In the US, there has even been demand from a right-wing Republican politician Scott Walker – and a presidential hopeful at that – urging President Barack Obama to call off Xi’s visit as a mark of displeasure over Chinese policies. Another presidential hopeful Marco Rubio was markedly personal in his condemnation of Xi, branding his human rights record as a “disgrace.” This level of savage attack on China is unprecedented.
While receiving Rice on Friday, Chinese President Xi Jinping expressed the hope for a “sustainable and steady growth” of relations and expressed the desire for “practical cooperation” while stressing the significance of “mutual trust, cooperation and communication” so that a relationship “featuring no-conflict and no-confrontation, mutual respect and win-win cooperation” is attainable.
Xi said: “China and the United States should manage issues of difference through communication, sincerely respect and take care of each other’s core interests, and make efforts to expand common ground while reducing differences to maintain the big picture of stable development of the bilateral relationship.”
Earlier, State Councilor Yang Jiechi told Rice that both sides should respect and accommodate each other’s core interests and major concerns, and expand cooperation at bilateral, regional and global levels with “positive interactions” in the Asia-Pacific.
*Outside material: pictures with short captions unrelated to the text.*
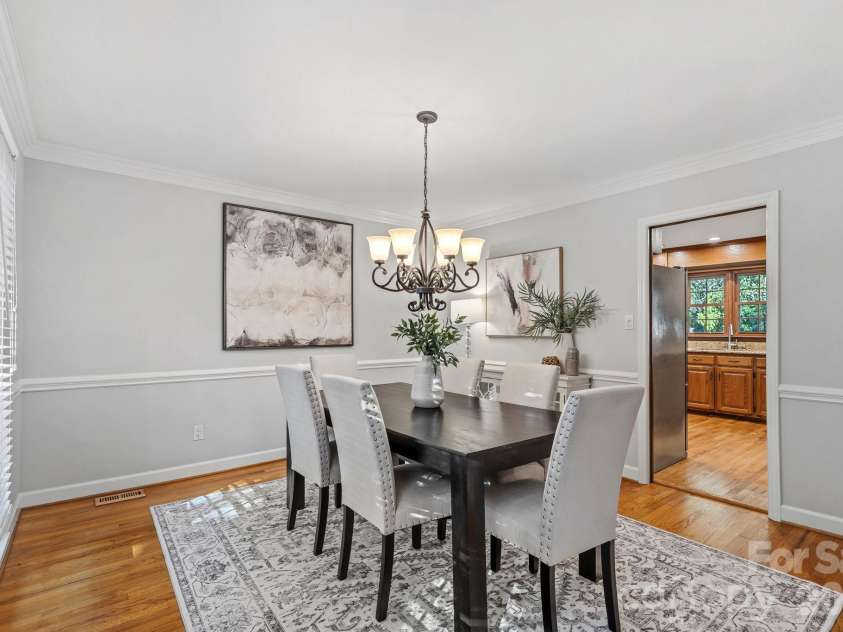 2716 Oldenway Drive, Charlotte, NC 28269.  MLS# CAR4433195, YatesRealty ID 57275. 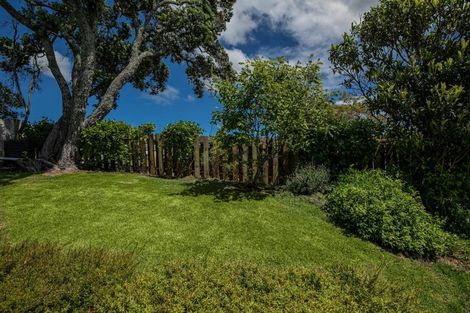 Photo of property in 6 Fairway Avenue, Red Beach, 0932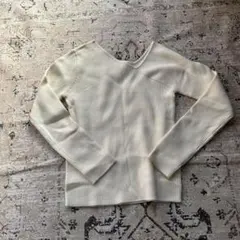 アイボリーオフショルダー長袖セーター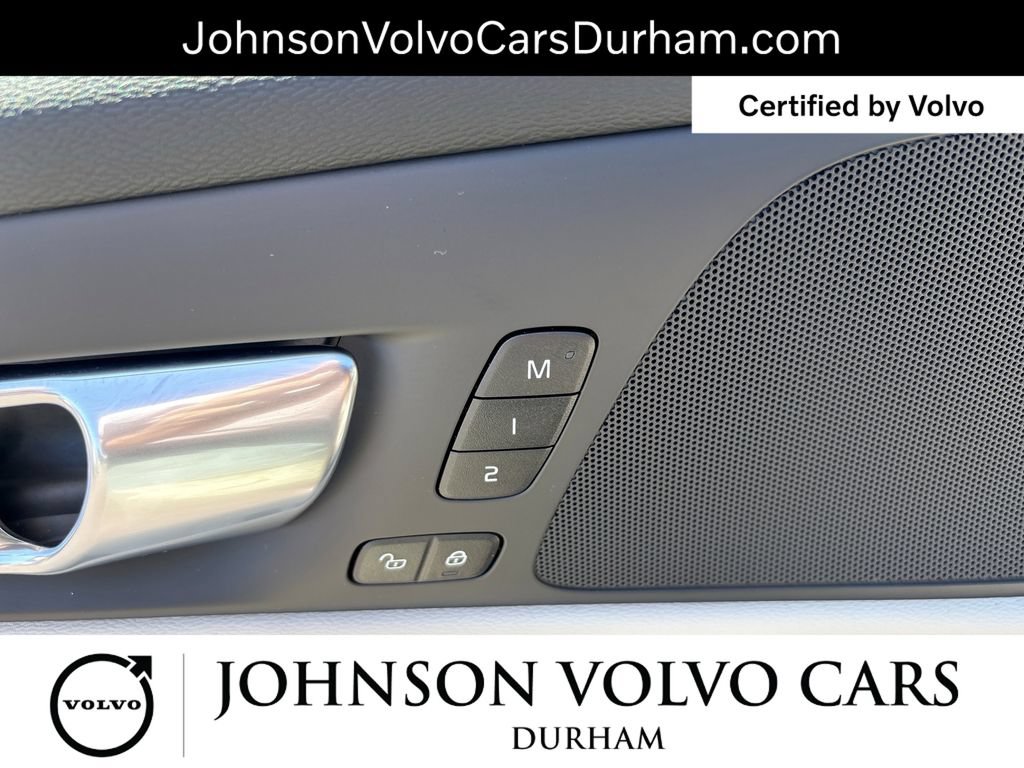 Certified 2025 Volvo V60 B5 Cross Country Plus AWD/4WD image 16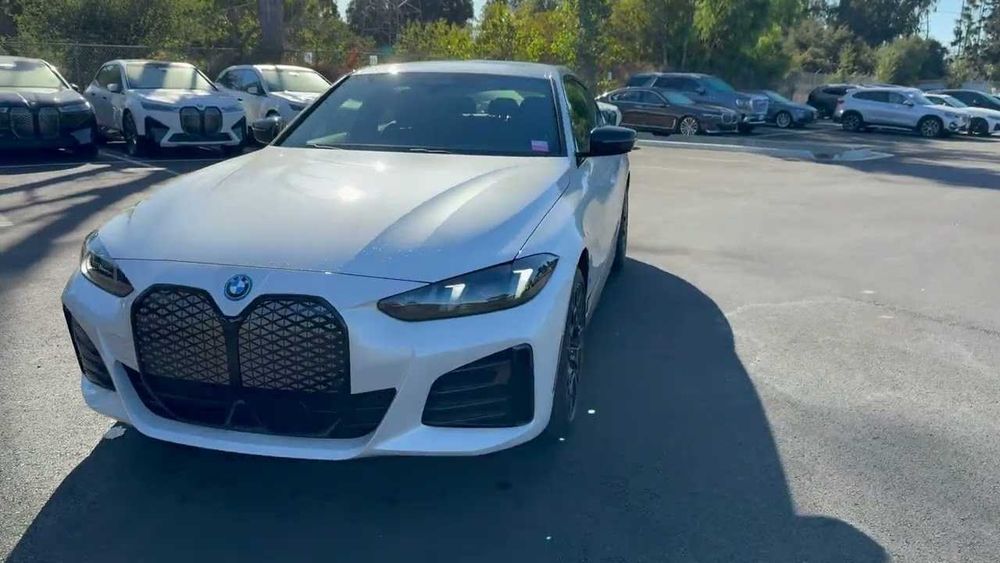 BMW i4 40L Naqt va Nasiya Savdo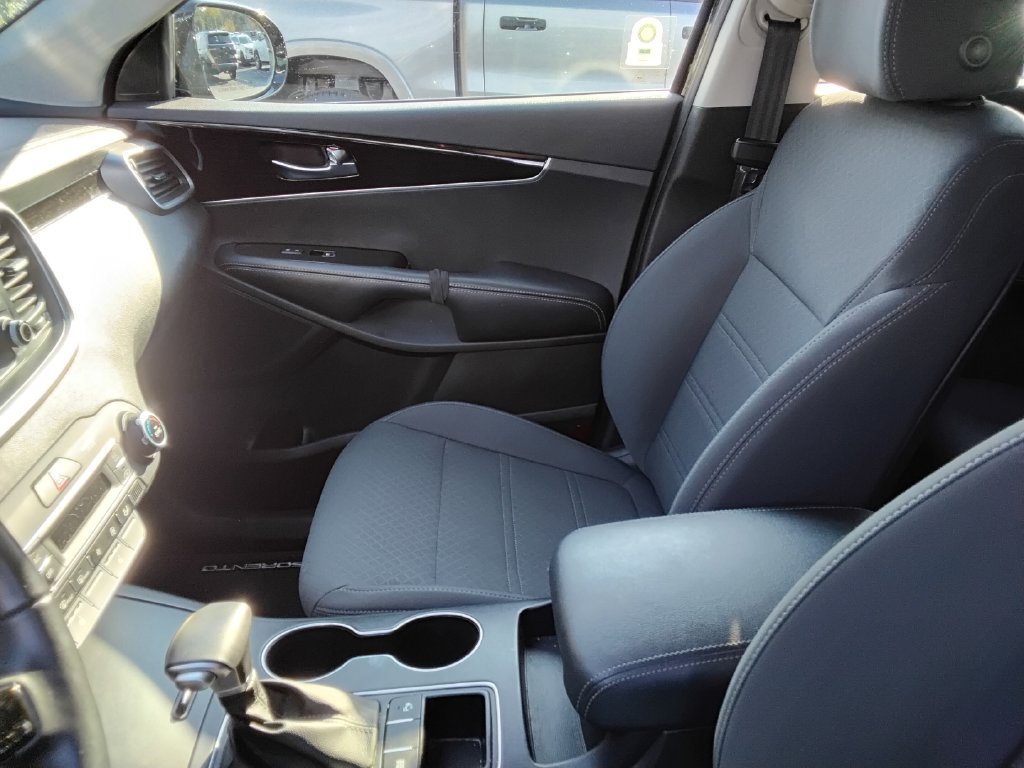 Used 2020 Kia Sorento S FWD image 8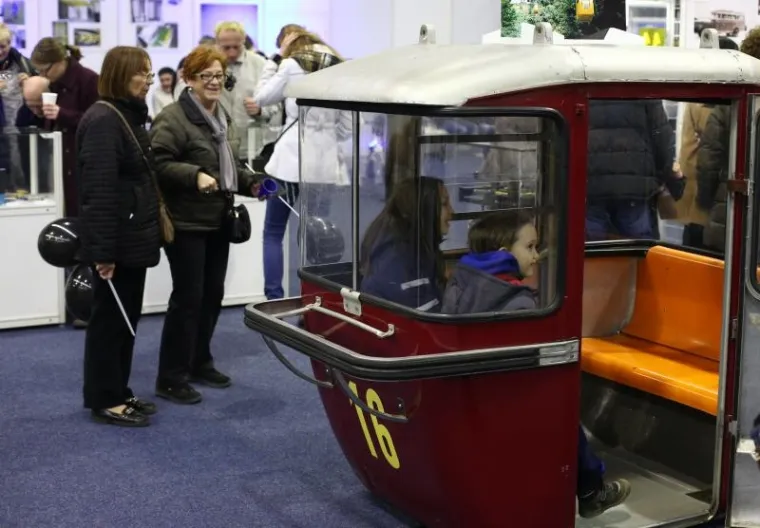 Na Zagrebačkom Velesajmu u paviljonu 7 u sklopu manifestacije Noć muzeja predstavio se Zagrebački holding. Posjetitelji su mogli vidjeti makete tramvaja, Gradsku ljekarnu, staru sljemensku zičaru i brojne druge stvari.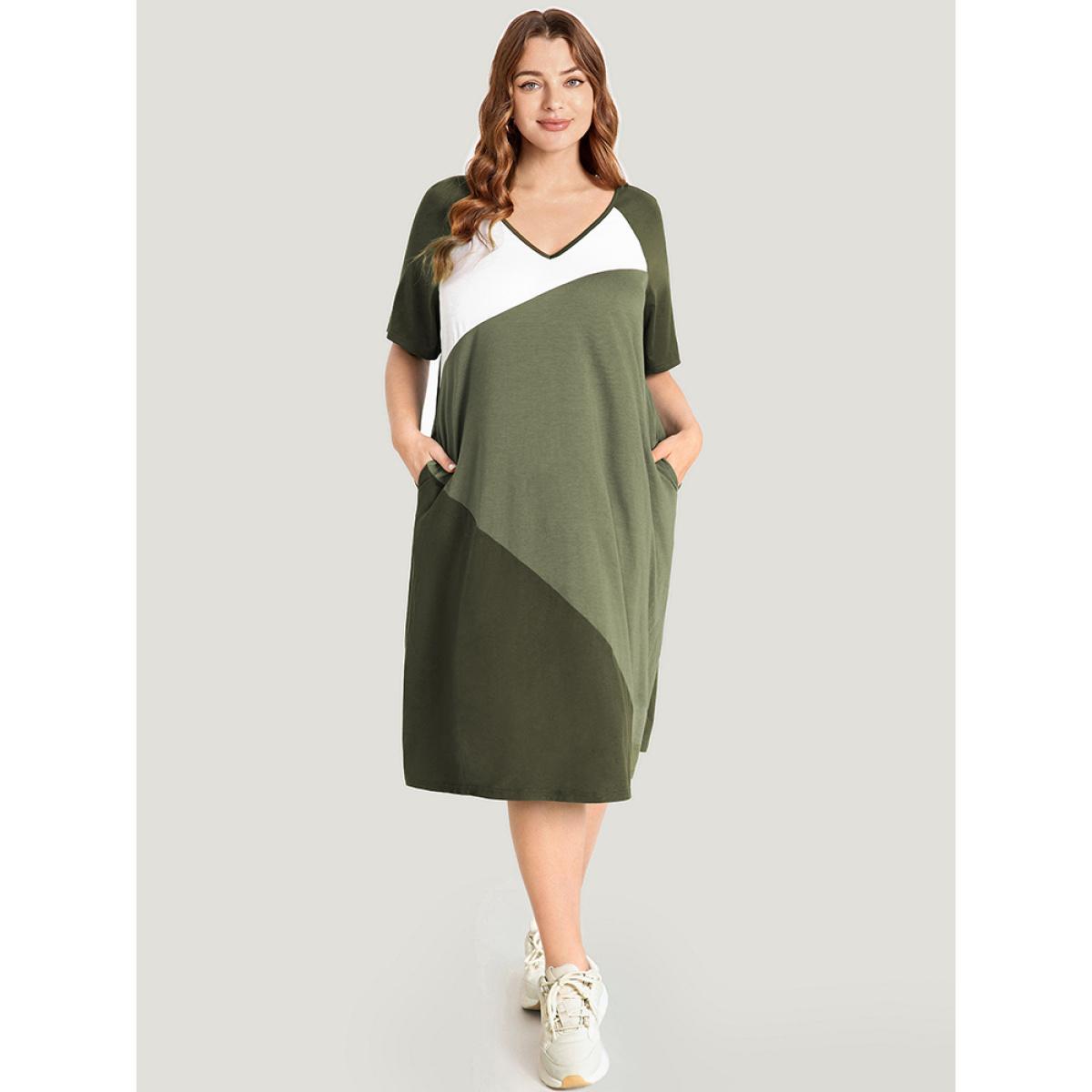 Plus Size Colorblock Contrast Pocket Raglan Sleeve Dress ArmyGreen Women Casual Contrast V-neck Short sleeve Curvy Knee Dress BloomChic 30/6X Product Image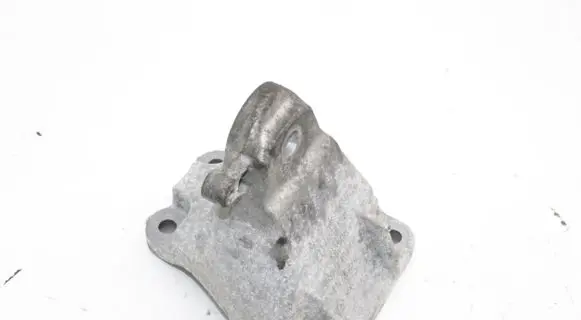 BMW 4 F32 F33 Engine mounting bracket 6859416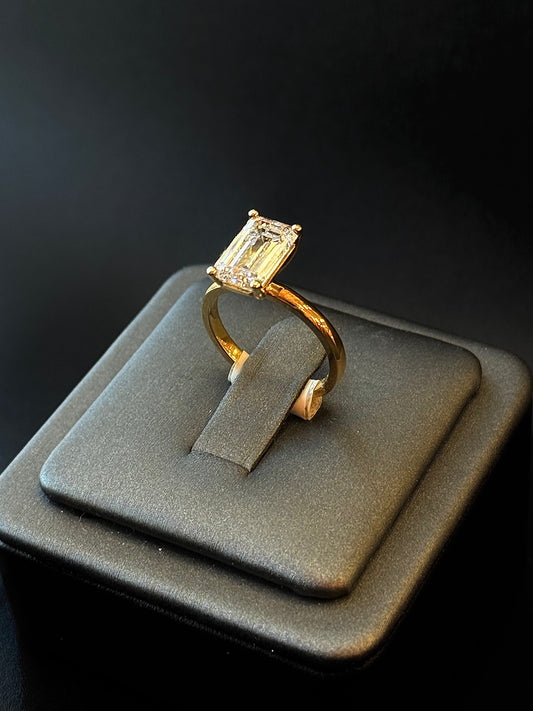 18Kt Yellow Gold Lab Diamond Ring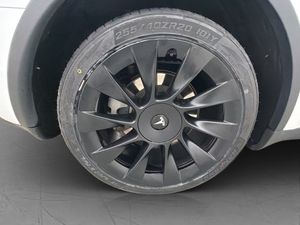 Tesla Model Y bild 34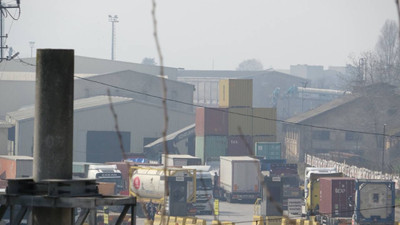 Kocaeli'de limandaki atık tankında patlama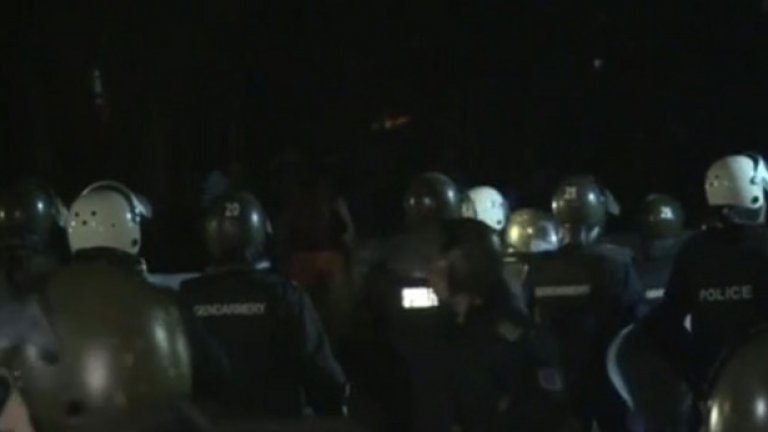 240 арестувани след безредиците в Харманли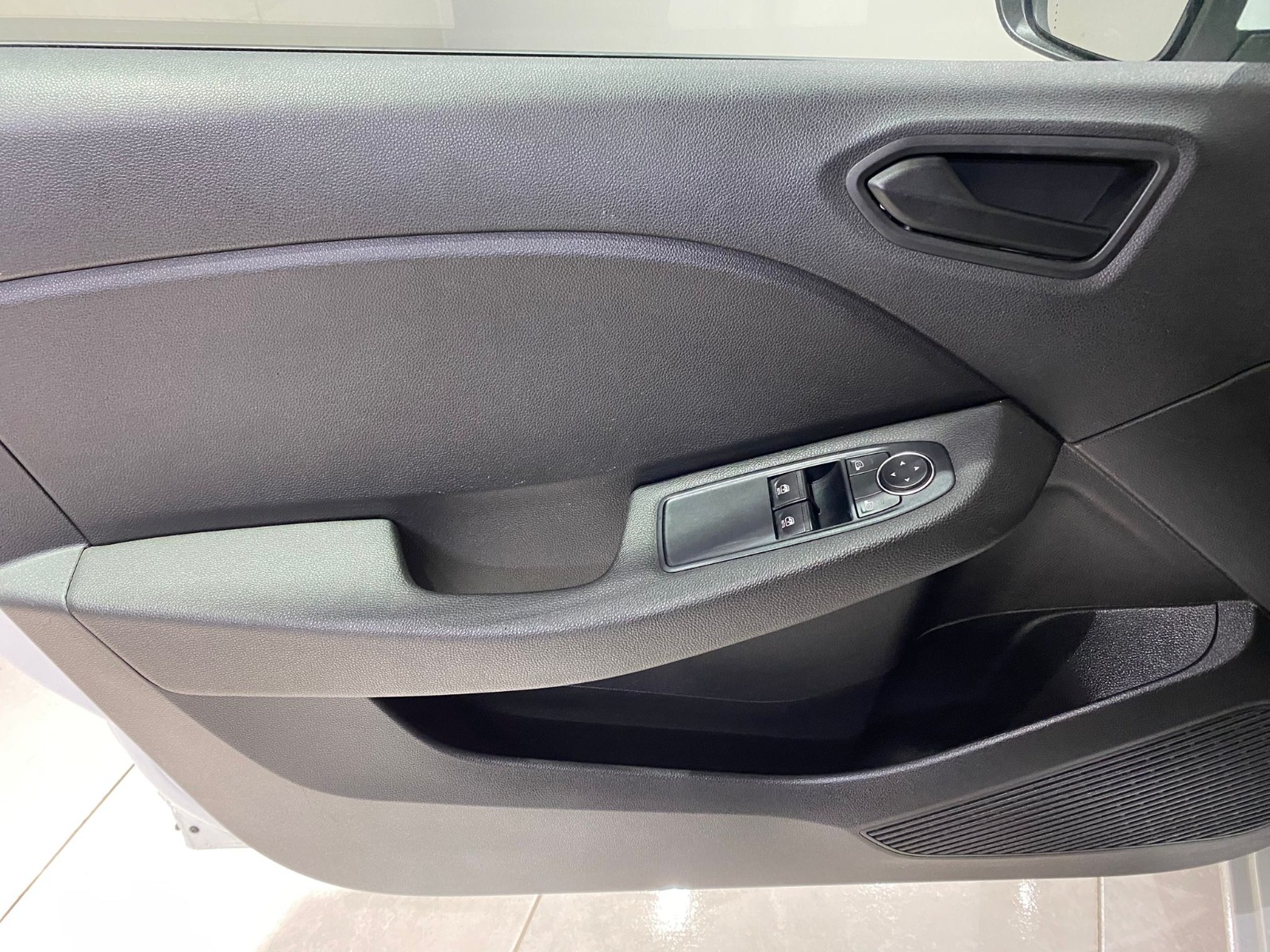 2022 Benzin Manuel Renault Clio Beyaz Gürel Tasarım Aksesuar Otomotiv San. Tic. Ltd. Şti.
To be sure, the tensions in the South China Sea, Japan’s growing assertiveness as a military power and the transformation of the US-Japan military alliance with a negative posturing toward China – apart from the US’ rebalance strategy in Asia which forms the backdrop – cast a shadow on Xi’s visit to the US. Significantly, Xi singled out “global issues such as Asia-Pacific affairs.”
On the eve of Rice’s arrival in Beijing, Chinese navy conducted a live fire drill in the East China Sea. According to Xinhua, the “exercise involved more than 100 warships, dozens of aircraft and several missile launch battalions. Nearly 100 missiles and several hundred shells and bombs were fired during the exercise.”
A commentary featured by People’s Daily on the eve of Rice’s arrival in Beijing asserted that China cannot accept the global order that is “shaped to the US liking” as it “jeopardized China’s legitimate interests.” It said the US’ “mentality of hegemony … seeks to shape an unfair global order in which it tends to monopolize benefits” and this adversely impacts stability and security. The commentary asserted that China and Russia “intend to improve the global order” without disrupting it and will “thwart” the US’ agenda of regime change.
Equally, an article last week in the National Interest magazine penned by the Chinese ambassador in Washington, Cui Tiankai, in the run-up to Xi’s visit to the US was noticeably lacking in effusiveness. Sombre in tone, it urged the US to foster “good habits of cooperation,” which Cui explained in these lines – “never lose focus, stick to shared goals and interests, accommodate each other’s legitimate concerns, benefit from each other’s wisdom, overcome obstacles that hold us back – and most importantly – prevent our differences from dominating the agenda of the bilateral relationship.”
Assessing Rice’s weekend consultations in Beijing, the Global Times acknowledged that tensions have been building up in the relations and the root problem is that China’s rise is “causing a sense of crisis” in the US thinking, which manifests as China-bashing. Whereas China’s past attitude has been to ignore the “hawkish noises at critical times of China-US ties,” it has not yielded positive results and, therefore, Chinese authorities “could consider some systemic adjustment in order to enhance the effectiveness of their responses, and resources home and abroad need to be mobilized.”